Re: first pass parseType="Literal" text for primer from Graham Klyne on 2003-07-28 (w3c-rdfcore-wg@w3.org from July 2003)

From: Graham Klyne <gk@ninebynine.org>
Date: Mon, 28 Jul 2003 11:03:46 +0100
To: Martin Duerst <duerst@w3.org>, rdf core <w3c-rdfcore-wg@w3.org>, i18n <w3c-i18n-ig@w3.org>
Message-Id: <5.1.0.14.2.20030728093126.00b7ae40@127.0.0.1>
[I'm going to try and respond to your message insofar as it affects RDFcore 
deliberations first, and later I'll engage some of the other points, so 
that disinterested parties can skip that.]

At heart, I think the problem is something like this.  Consider some RDF 
properties (your examples):

1. <title>Why the &lt;FONT&gt; Tag is Bad</title>

By my understanding, the *value* of this 'title' property is:

   "Why the <FONT> Tag is Bad"

I.e. the '<' and '>' are uninterpreted parts of the string value.

2. <title rdf:parseType='Literal'>Why the &lt;FONT&gt; Tag is Bad</title>

I take the value of this 'title' property to be:

   "Why the &lt;FONT&gt; Tag is Bad"^^rdf:XMLLiteral

where the '&' characters are interpreted as XML character entities.

(So, yes, 1 and 2 are two different things.  I believe this to be a 
necessary distinction...)

3.  <title rdf:parseType='Literal'>The <strong>Best</strong>Cruise 
Vacations for Dummies</title>

Has the value

   "The <strong>Best</strong>Cruise Vacations for Dummies"^^rdf:XMLLiteral

Here, compared with case (1), the '<' and '>' characters are to be treated 
as introducing XML markup.

So, by your own examples, we have a need to represent simple strings like 
(1) that contain XML markup characters that are not to be interpreted as 
such.  On the other hand, we have examples like (2) and (3) where the XML 
markup characters *are* to be interpreted.

So to my "horse has bolted comment"... I think there is now a lot of 
software and data out there that assumes that plain literals are simply 
sequences of characters, without any provision for interpretation.  Where 
'<' and '&' appear, they may be treated simply as characters, with no 
attempt to interpret them.  Within this scheme, I assert there is *no way* 
to require that XML interpretation of these characters be applied without 
marking the distinction, which is what the XML datatype provides.

So we find things like this:

   <description>Note the lovely XHTML&amp;CSS in that one.</description>

(which I've extracted from some actual RSS/RDF that I found on the web today)
which is presented as:

   "Note the lovely XHTML&CSS in that one."

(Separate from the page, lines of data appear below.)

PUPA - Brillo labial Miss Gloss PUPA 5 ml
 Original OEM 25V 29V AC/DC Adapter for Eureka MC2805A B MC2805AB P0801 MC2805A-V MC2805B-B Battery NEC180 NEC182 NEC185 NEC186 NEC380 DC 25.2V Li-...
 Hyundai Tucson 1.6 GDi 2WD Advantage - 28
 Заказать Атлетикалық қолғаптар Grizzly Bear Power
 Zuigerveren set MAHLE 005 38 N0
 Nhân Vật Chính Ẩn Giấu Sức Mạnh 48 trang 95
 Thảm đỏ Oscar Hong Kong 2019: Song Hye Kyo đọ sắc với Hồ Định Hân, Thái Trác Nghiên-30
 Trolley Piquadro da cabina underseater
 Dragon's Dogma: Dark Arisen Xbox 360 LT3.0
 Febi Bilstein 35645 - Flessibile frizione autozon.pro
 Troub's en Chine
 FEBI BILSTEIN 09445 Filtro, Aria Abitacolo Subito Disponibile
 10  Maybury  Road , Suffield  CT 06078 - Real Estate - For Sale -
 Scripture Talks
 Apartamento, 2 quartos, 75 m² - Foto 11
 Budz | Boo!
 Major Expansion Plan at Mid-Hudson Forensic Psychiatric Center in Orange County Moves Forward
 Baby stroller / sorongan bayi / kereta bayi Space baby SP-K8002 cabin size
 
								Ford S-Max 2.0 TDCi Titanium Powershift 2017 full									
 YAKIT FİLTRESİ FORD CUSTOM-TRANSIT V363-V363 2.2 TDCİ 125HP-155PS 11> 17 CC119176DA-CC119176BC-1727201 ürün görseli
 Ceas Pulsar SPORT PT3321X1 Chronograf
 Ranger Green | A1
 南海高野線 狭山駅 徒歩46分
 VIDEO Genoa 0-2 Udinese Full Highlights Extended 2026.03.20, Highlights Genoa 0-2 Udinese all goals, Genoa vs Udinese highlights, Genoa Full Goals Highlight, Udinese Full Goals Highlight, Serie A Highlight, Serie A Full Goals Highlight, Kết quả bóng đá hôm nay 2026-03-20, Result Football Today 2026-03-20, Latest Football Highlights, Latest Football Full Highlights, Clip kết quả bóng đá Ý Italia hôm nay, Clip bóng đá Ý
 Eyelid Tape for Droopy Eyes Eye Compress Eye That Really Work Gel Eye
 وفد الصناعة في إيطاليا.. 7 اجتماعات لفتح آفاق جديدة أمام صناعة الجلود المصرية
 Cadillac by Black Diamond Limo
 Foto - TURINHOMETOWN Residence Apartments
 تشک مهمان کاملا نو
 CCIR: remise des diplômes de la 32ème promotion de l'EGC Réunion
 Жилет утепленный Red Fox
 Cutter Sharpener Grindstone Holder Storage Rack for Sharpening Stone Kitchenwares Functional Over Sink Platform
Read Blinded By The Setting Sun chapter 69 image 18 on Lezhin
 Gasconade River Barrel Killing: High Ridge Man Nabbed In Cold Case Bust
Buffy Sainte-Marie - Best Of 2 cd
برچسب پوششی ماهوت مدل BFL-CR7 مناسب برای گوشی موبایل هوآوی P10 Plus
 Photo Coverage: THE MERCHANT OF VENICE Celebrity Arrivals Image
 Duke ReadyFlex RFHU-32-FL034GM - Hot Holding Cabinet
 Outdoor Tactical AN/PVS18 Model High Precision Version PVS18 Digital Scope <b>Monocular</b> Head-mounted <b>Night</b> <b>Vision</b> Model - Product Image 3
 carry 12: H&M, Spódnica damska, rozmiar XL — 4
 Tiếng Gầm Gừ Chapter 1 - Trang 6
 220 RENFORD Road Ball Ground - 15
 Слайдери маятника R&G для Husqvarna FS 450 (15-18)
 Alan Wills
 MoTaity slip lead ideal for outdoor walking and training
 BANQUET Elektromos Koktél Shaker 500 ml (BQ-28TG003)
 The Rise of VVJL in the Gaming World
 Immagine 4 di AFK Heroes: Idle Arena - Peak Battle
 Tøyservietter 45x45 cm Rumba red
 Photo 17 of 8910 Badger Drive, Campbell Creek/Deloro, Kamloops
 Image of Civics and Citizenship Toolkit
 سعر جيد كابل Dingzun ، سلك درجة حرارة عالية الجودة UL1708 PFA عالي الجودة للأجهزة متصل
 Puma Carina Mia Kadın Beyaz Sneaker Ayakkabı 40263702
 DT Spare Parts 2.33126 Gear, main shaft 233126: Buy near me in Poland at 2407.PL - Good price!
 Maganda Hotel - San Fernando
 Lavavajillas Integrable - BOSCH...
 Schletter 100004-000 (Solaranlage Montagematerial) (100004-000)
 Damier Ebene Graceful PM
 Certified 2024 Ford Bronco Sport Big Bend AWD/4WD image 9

(I also found examples with '<' and '>' as part of the literal value, 
uninterpreted.)

The only way we're going to be able represent this kind of data, *and* to 
handle markup in the same uniform framework, is to completely revisit the 
design of RDF literal data so that a lexical form is not just a sequence of 
Unicode characters, and is self-denoting.  To change that would be a 
late-stage fundamental change to the design with who-knows-what kinds of 
repercussion.

So we have a design that says you have to decide whether or not markup 
characters in the lexical form are to be interpreted -- by presence of the 
XMLLiteral datatype, signalled by parseType=Literal.  The proposed text 
suggests a couple of migration paths:

(1) For new data representing human-readable text, use the XMLLiteral 
datatype.  If there is no markup, then fine.  If uninterpreted markup 
characters are present, they must be escaped in the lexical form.  Markup 
can be included and used to encode all kinds of I18N information, using 
designs that are being developed with active input from I18N experts.

(2) Develop software that in appropriately handle both plain literals and 
XML literals.  This seems a plausible approach where there is large amounts 
of existing data (all those RSS feeds?).

A third approach that I'll offer is to develop standard inference tools to 
filter the data:  for properties known to have human-readable text values, 
one might use a rule like:

   ?a my:prop ?b .
   WHERE plainLiteral(?b) =>
     ?a my:prop XHTMLEncode(?b) .

(This kind of capability could, I'm fairly sure, be easily added to a tool 
like CWM, and I do expect to be able to do this kind of thing with the 
inference tools I'm working on.)

In conclusion, I find that I agree with your fundamental concerns as 
illustrated by your examples, but not with the conclusions you draw.  If 
the requirement for a seamless path from simple plain text to text with 
markup had been articulated early in the process, we might have been able 
to come up with a design for literals that met it.  There is RDF data out 
there that uses markup characters in non-markup ways, which argues most 
strongly against saying that markup characters in plain literals must be 
interpreted as such (as do your own examples).  To change a fundamental 
element of RDF design at this late stage would in my view carry a high risk 
of introducing a new set of problems.

And we do have a design that is less-than seamless, but workable, with 
respect to existing data, and which does provide a seamless option for new 
RDF data designs.  Most of the problems you have described can, I believe, 
be overcome by good implementation design.  I don't claim the current 
design couldn't be improved, but I don't see that any of its flaws are fatal.

...

[Miscellaneous chit-chat follows - not especially relevant to WG business]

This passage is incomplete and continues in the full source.